Friday, December 28, 2012

Mapping the merge conflict frontier

 

In my last article, I described how to define a "conflict frontier" for a failed merge and conceptually how to diagram it.  In this article, I will describe an automated and efficient way to compute the conflict frontier using git.  In my next article, I will show some examples of real-world merge diagrams.

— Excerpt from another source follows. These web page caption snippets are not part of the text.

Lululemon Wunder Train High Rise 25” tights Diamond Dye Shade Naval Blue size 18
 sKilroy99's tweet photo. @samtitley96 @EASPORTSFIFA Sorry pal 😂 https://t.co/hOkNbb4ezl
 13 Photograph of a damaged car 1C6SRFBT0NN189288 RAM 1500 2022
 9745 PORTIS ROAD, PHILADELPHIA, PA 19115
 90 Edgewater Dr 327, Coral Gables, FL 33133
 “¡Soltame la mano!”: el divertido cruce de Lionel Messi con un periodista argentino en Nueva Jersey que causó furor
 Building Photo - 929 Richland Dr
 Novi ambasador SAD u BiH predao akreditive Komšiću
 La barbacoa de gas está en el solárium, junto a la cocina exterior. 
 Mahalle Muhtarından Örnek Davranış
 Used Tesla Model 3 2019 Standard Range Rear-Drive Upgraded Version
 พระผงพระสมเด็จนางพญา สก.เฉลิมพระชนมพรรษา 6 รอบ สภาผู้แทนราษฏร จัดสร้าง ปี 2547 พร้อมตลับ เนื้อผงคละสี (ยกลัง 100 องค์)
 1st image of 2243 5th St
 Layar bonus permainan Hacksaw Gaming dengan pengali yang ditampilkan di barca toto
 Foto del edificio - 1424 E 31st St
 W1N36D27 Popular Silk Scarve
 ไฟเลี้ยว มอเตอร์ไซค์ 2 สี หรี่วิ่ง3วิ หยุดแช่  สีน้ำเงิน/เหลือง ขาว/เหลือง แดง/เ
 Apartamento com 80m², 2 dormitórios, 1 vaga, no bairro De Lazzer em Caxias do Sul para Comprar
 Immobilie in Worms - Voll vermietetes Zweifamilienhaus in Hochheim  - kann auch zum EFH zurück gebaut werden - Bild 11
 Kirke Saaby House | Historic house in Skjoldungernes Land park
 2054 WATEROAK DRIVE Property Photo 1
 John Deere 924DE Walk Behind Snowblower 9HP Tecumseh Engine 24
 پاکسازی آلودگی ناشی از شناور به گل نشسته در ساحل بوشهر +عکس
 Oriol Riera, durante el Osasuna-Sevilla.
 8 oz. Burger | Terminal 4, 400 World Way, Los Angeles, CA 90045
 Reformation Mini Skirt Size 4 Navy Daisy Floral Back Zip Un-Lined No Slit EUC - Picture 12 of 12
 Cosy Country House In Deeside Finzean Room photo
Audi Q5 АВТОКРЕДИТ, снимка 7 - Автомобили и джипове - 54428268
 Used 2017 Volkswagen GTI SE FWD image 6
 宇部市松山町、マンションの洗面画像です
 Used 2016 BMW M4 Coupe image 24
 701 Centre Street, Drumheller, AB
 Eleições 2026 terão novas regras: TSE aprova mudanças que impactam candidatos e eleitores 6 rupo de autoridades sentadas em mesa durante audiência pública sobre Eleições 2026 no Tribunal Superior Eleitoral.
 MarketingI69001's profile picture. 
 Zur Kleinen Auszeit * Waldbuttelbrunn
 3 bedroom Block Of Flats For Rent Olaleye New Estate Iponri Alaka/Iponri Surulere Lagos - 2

Remember, a merge diagram summarizes the combinations of commits from two branches that can be merged successfully, and which of them conflict.  The example used in the previous article looked like this:

o - 0 - 1  - 2  - 3  - 4  - 5  - 6  - 7  - 8  - 9  - 10  - 11    ← master
    |   |    |    |    |    |    |    |    |    |     |     |
    A - A1 - A2 - A3 - A4 - A5 - A6 - A7 - A8 - A9 - A10 - A11
    |   |    |    |    |    |    |    |    |
    B - B1 - B2 - B3 - B4 - B5 - B6 - B7 - B8   x     x     x
    |   |    |    |    |    |    |
    C - C1 - C2 - C3 - C4 - C5 - C6   x    x    x     x     x
    |   |    |    |    |    |    |
    D - D1 - D2 - D4 - D4 - D5 - D6   x    x    x     x     x
    |   |    |    |    |    |    |
    E - E1 - E2 - E3 - E4 - E5 - E6   x    x    x     x     x
    |   |
    F - F1   x    x    x    x    x    x    x    x     x     x
    |   |
    G - G1   x    x    x    x    x    x    x    x     x     x
    |   |
    H - H1   x    x    x    x    x    x    x    x     x     x
    |   |
    I - I1   x    x    x    x    x    x    x    x     x     x

    ↑
  branch

In this diagram, commits "0"-"11" are on master and commits "A"-"I" are on the branch.  The rest of the diagram shows incremental merges when they are possible; e.g., commit "C3" is a successful merge between commit "C2" and commit "B3", and it contains the logical changes that were originally introduced by commits "0"-"3" on master plus those introduced by commits "A"-"C" on branch.  When an incremental merge failed, the diagram shows an "x".  The "conflict frontier" is the border between merges that are successful and those that result in conflicts.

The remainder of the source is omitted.